A cheeky little email received the other day from Emma Candy in England gave me cause to notice that her trainer father, Henry, has another smart galloper on his hands in the form of Amour Propre (2c Paris House (GB)-Miss Prim, by Case Law).

Just to set the scene for those of you who may be unfamiliar, Emma Candy came out from England to be Gai Waterhouse’s assistant trainer for two years, prior to the incumbent Tania Rouse. Like most guys who cross her path, I’m in love with Emma, so let's get that off my chest here and now and move on with the rest of the story.

Henry Candy has been training for decades and I can’t catalogue all the good horses he might have had, but the outstanding mare Time Charter (the only good horse sired by Saritamer) was a wonderful performer in the first half of the ‘80s, earning a 131 Timeform. This decade, he has sent out the brilliant filly Airwave (Choisir’s rival by little-remembered shuttler Air Express (Ire), sire of the dam of recent Breeders’ Plate winner Real Saga) and the G1 sprinter Kyllachy (by Pivotal) who has made a good start at stud in England.

When Emma’s time was up at Gai’s she returned to England and for a time assisted her father but then moved to the Newmarket yard of James Fanshawe where she has put the polish on many a good one.

While on holiday in England a few years ago I was kindly invited to visit the Candy stables near the market town of Wantage (pictured) in bucolic Oxfordshire.

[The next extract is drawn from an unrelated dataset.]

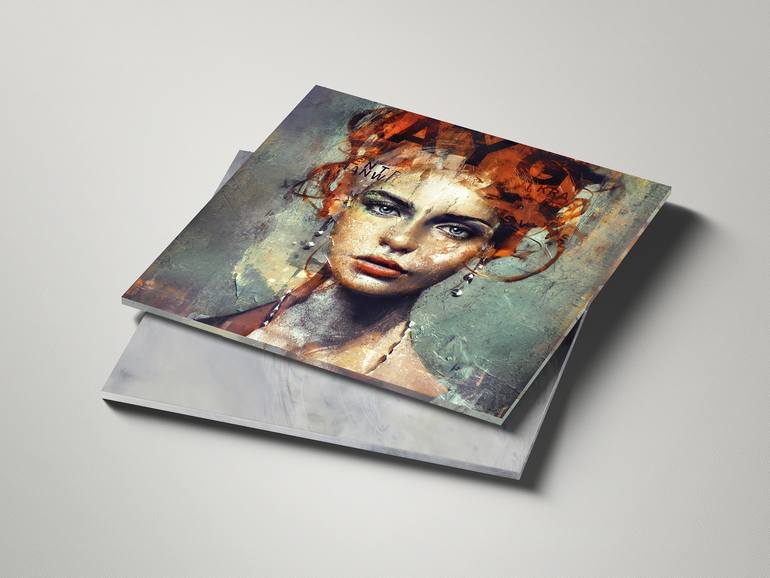Original Figurative People Painting by Creadhoc Art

With a population of about 10,000, Wantage is just down the road from the famous White Horse of the Vale and is claimed as the birthplace of King Alfred The Great and is also where Lester Piggott did his schooling. It’s horse country supreme. The Candy gallops appeared to be set in about 4,000 acres of farmland, much of it used for cropping. The gallops seemed to begin over the horizon then the horses would appear as dots about five furlongs in the distance and gallop straight towards us as we stood at the top of the gallop. A lasting memory is the sight of Henry Candy on a clear English summer’s morning, surrounded by his five magnificent, doting black Labradors, clocking his gallopers in at this majestic spot. Oh, Emma was there, too.

Back to Amour Propre, the two-year-old which has won three of his four career starts including the G3 Ascot Cornwallis Stakes at his most recent start, 11 October. Incredibly, Henry Candy plucked him out of a Doncaster yearling sale in 2007 for just 1,500 guineas. There were only four yearlings by his sire sold last year, and the dearest was 2,200 guineas! Amour Propre has a reasonably close relationship to the top flight sprinter Cape Of Good Hope (GB) who won the G1 William Reid Stakes at Moonee Valley on one of his three visits to Australia.

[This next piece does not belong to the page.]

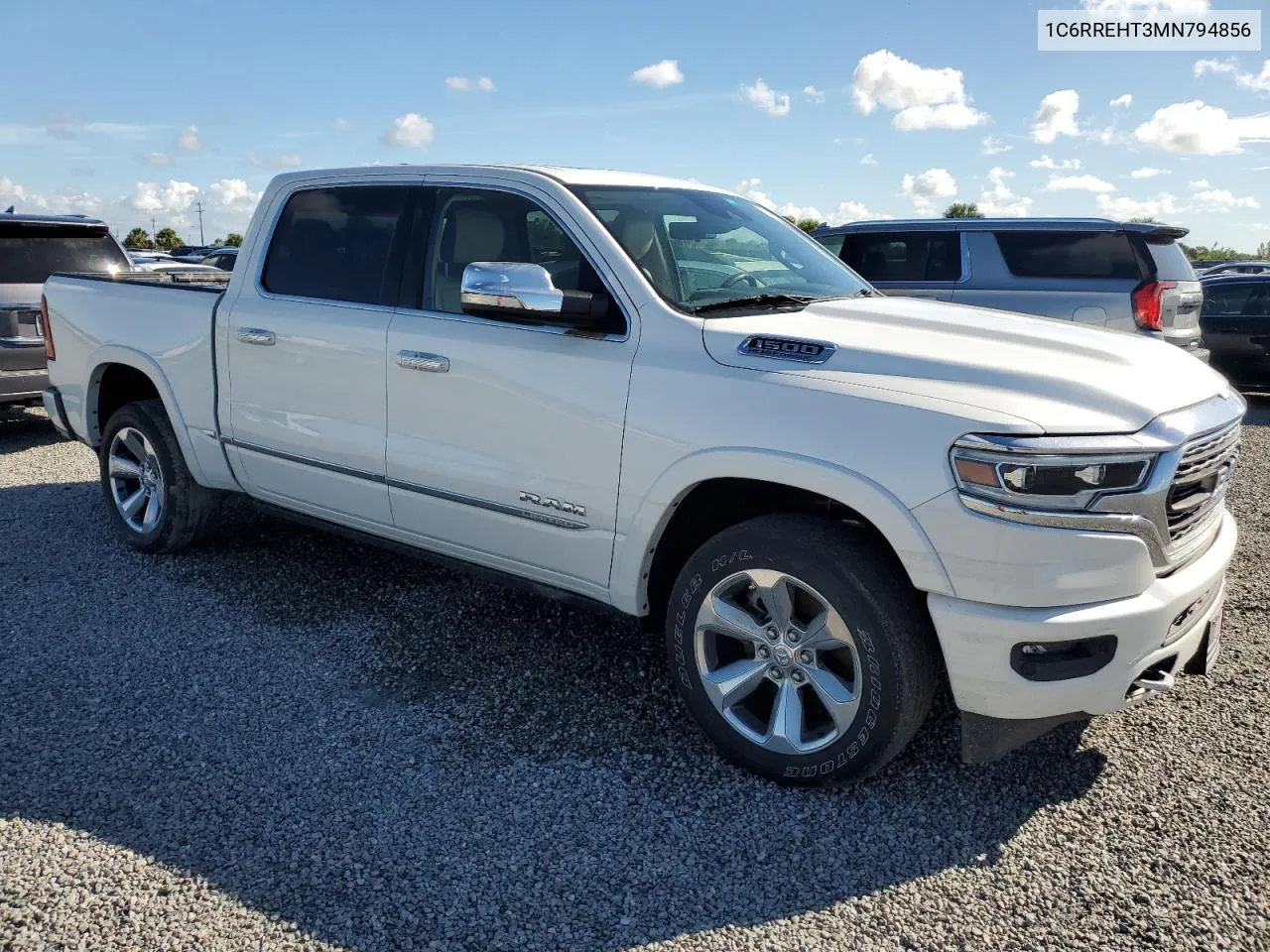 2021 Ram 1500 Limited VIN: 1C6RREHT3MN794856 Lot: 74436974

Amour Propre is by Paris House (GB), foaled in 1989, who I thought I’d never hear of again and I really don’t know whether he’s still alive. But I have to take the brunt of the blame for shuttling him to NZ for three seasons, 1994 to 1996, at Haunui Farm; it was basically my idea. Because he had an offbeat pedigree, the sireline especially, he was never popular, leaving just 134 live foals from those three seasons.

Just as well he wasn’t more popular as he turned out to be a poor sire and we don’t need them watering down the breed. Although 55 of his 87 starters won, there was just one stakeswinner and one stakes-placegetter amongst them. Only four of his progeny won $50,000 or more. A disaster.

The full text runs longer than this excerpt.